── PROVIDED ENTRIES ──

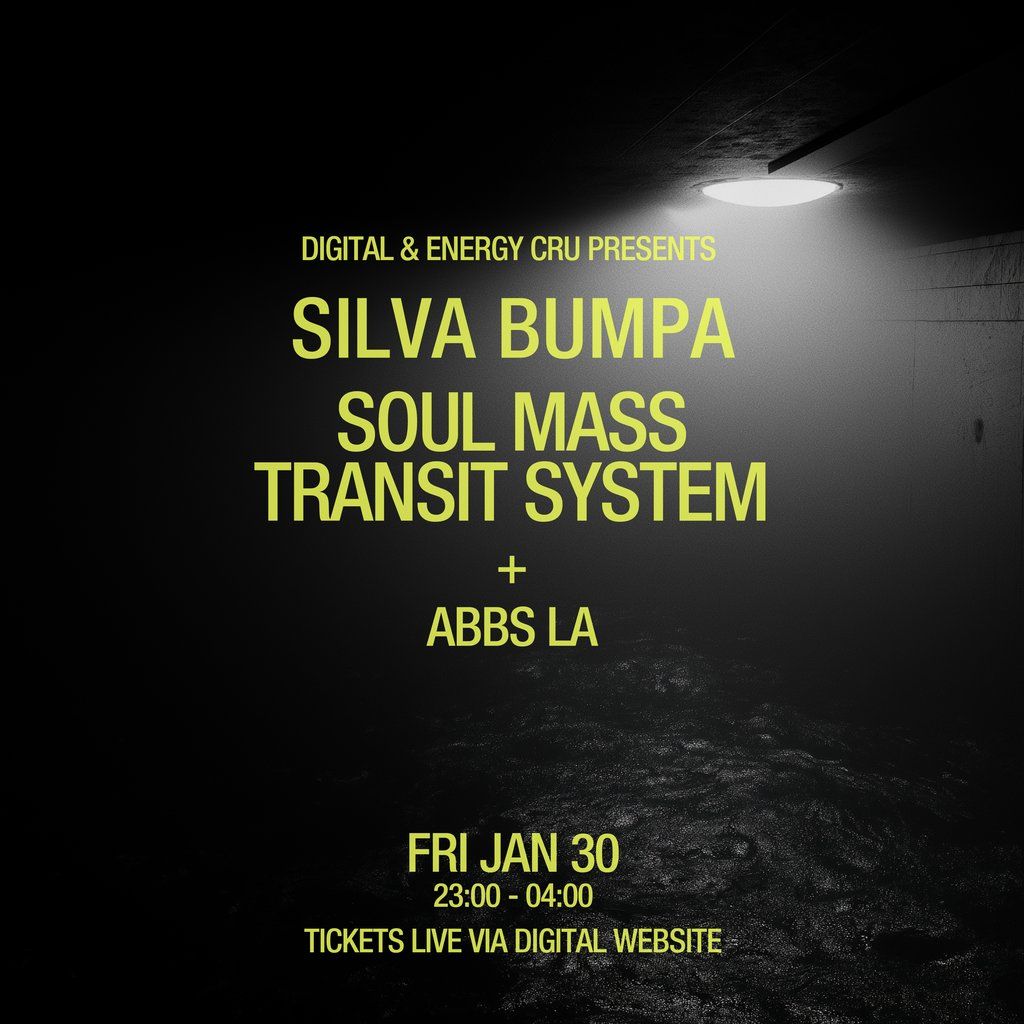 Digital X Energy Cru: Silva Bumpa X Soul Mass Transit System, 30 January | Event in Newcastle Upon Tyne | AllEvents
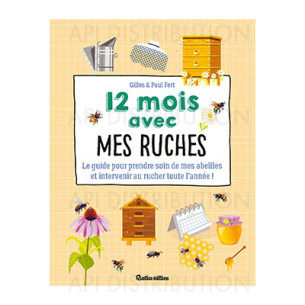 12 MOIS AVEC MES RUCHES - GILLE ET PAUL FERT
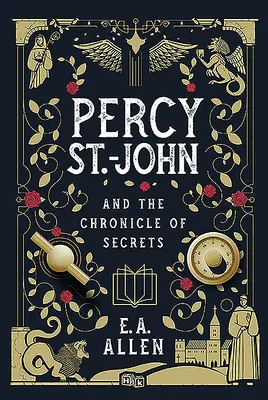 Percy St. John și cronica secretelor (Percy St. John and the Chronicle of Secrets) - Percy St. John and the Chronicle of Secrets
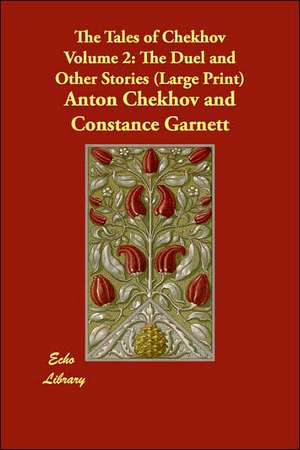 The Duel and Other Stories de Anton Pavlovich Chekhov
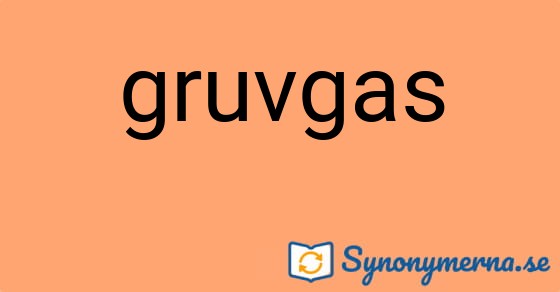 Bild som illustrerar ordet gruvgas och dess synonymer.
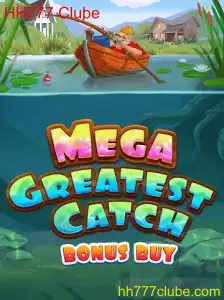 Descubra MegaGreatestCatchBonusBuy: O Novo Fenômeno de Jogo no HH777 Clube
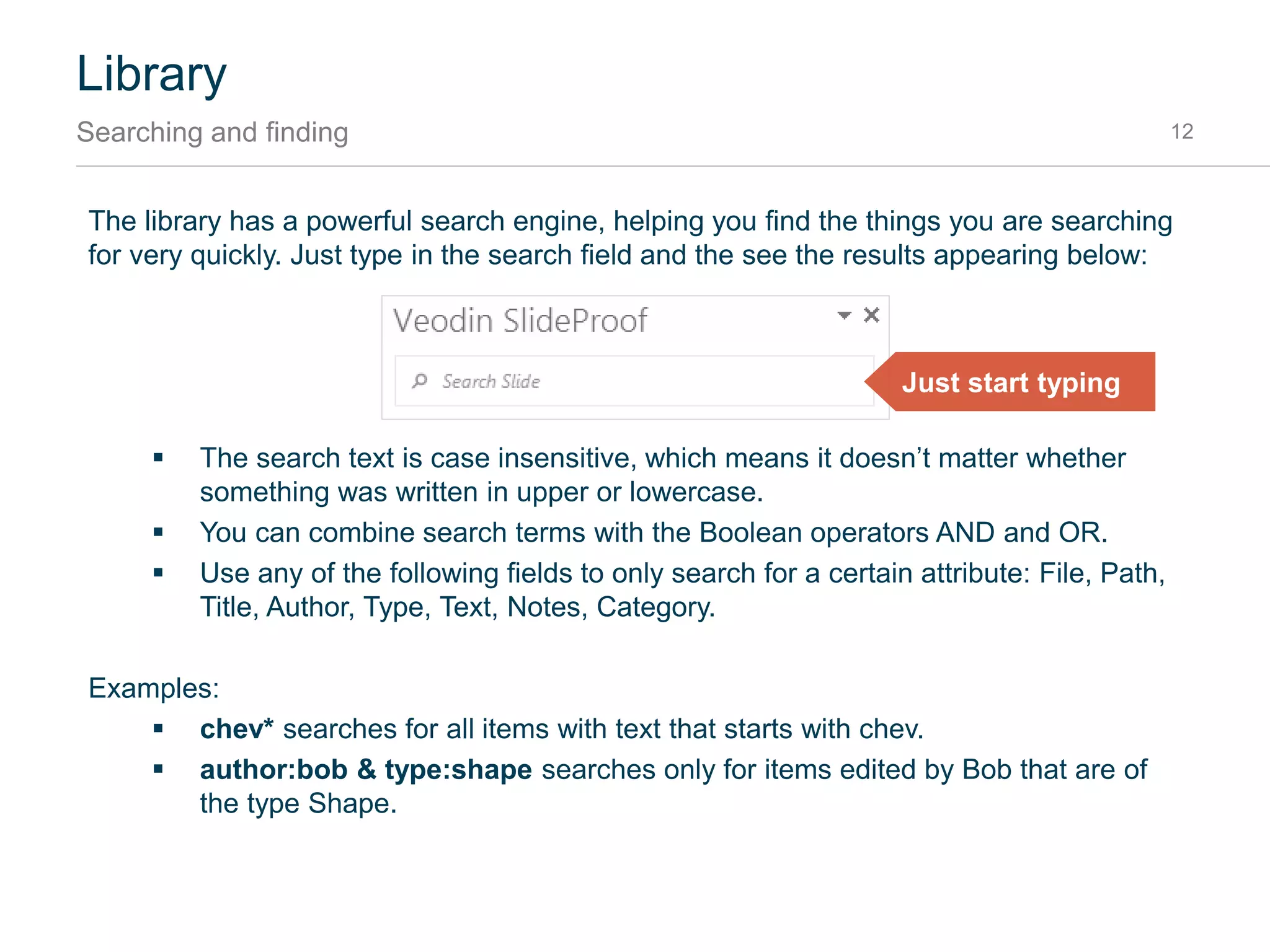 Library
What is contained in the library? 12
The library contains the following types of entries:
 Masters Presentations: PowerPoint Templates for creating new presentations. These are
edited in the Master View and saved with the file suffix .potx in PowerPoint.
 Slides: Slides are complete pages of presentations that are re-usable and can be inserted
into your presentation.
 Shapes: Re-usable shapes or images that can be inserted into the current slide. Maps,
Harvey balls or traffic lights are typical examples.
 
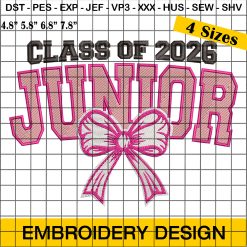 Class Of Junior 2026 Embroidery, Class of 2026 Embroidery, Graduation 2026 Embroidery Design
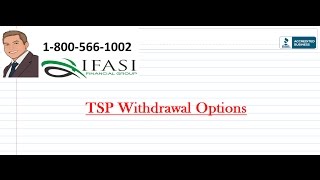 Top TSP Withdrawal Options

───

Each line in the data above either holds "that" or does not. State how many do, as a bare number.

2